[time-nuts] single board PCs

Robert Atkinson robert8rpi at yahoo.co.uk
Mon Jan 7 07:39:33 UTC 2013


Hi Jim,
If space is an issue have a look at PC/104 format boards. These are designed for embedded applications and are rugged. Another advantage is that they pypically have a long product lifetime. No developing your product, testing it and then finding the PC motherboard you used is obsolete or worse has the same model number but different hardware.
If you have other electronics in the box they will plug into your board on 0.1" headers.
 
Rbert G8RPI.


________________________________
From: Jim Lux <jimlux at earthlink.net>
To: time-nuts at febo.com 
Sent: Monday, 7 January 2013, 4:21
Subject: Re: [time-nuts] single board PCs

On 1/6/13 6:09 PM, Bob Camp wrote:
> Hi
> 
> Ummm, errrrr you want to run Matlab and you are likely paying $100 an
> hour to whom ever is waiting on the machine. My *guess* is that a
> micro board of what ever flavor will do an arbitrary Matlab run in
> maybe 30 days.
Yes.
But any of a zillion PC clones will do it "fast enough".  Think of all those Tek and Agilent boxes with a embedded PC.. what do they have inside?

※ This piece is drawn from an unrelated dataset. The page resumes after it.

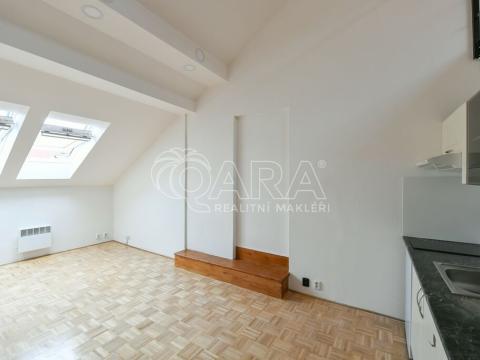 Pronájem bytu 1+1, Praha - Smíchov, Lidická, 39 m2
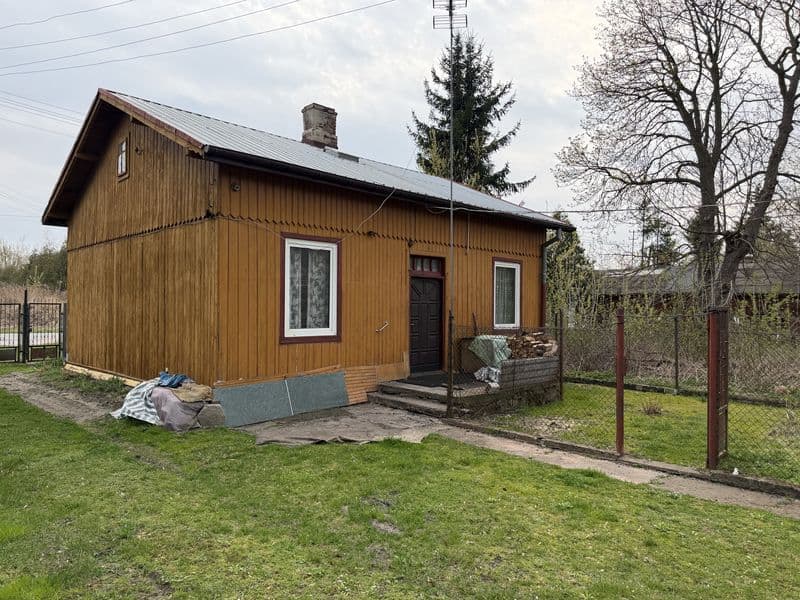 Sprzedam gospodarstwo siedlisko ze starym domem ale nową stodołą, garażami i budynkami gospodarczymi.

That same run would take something large about 30
> minutes.

Nahh.. seconds on slow laptop, seconds on a desktop PC. Matlab isn't all that slow.

That of course assumes you can even get Matlab to load on
> something small.

It doesn't have to be "small".. except physically. That's really what I'm looking for. Physically small (mini ITX sort of form factor, or, for that matter, laptop formfactor), but able to procured as an OEM sort of widget (e.g. I assume Tek and Agilent aren't designing their own mobos to stick in the back of an oscilloscope or VNA.. so what ARE they shoving in there)



> 
> An Ivy Bridge based PC with multiple cores can be built up for less
> than $800 in a fairly small package. It won't be single board, but it
> will be small. Not the fastest system on the planet, but pretty fast.
> You'll be paying a significant chunk of that for the Windows license.
> The cost of the Matlab license will be well above the cost of the
> entire system (unless you have some sort of crazy deal going).

yep.. but a kilobuck for a Matlab license is just a couple day's time for an engineer using it.

Think of that nice Agilent PNA.. clearly it has some sort of small form factor PC mobo inside... so what are they using?

> 
> Put another way, you'll pay for the more expensive hardware in the
> first week of use - why cheap out?


Precisely.. but I'd just as soon not be in the PC integration business, finding boards to plug into a mobo, etc. I was wondering what folks have used (or seen used) in this sort of usage model.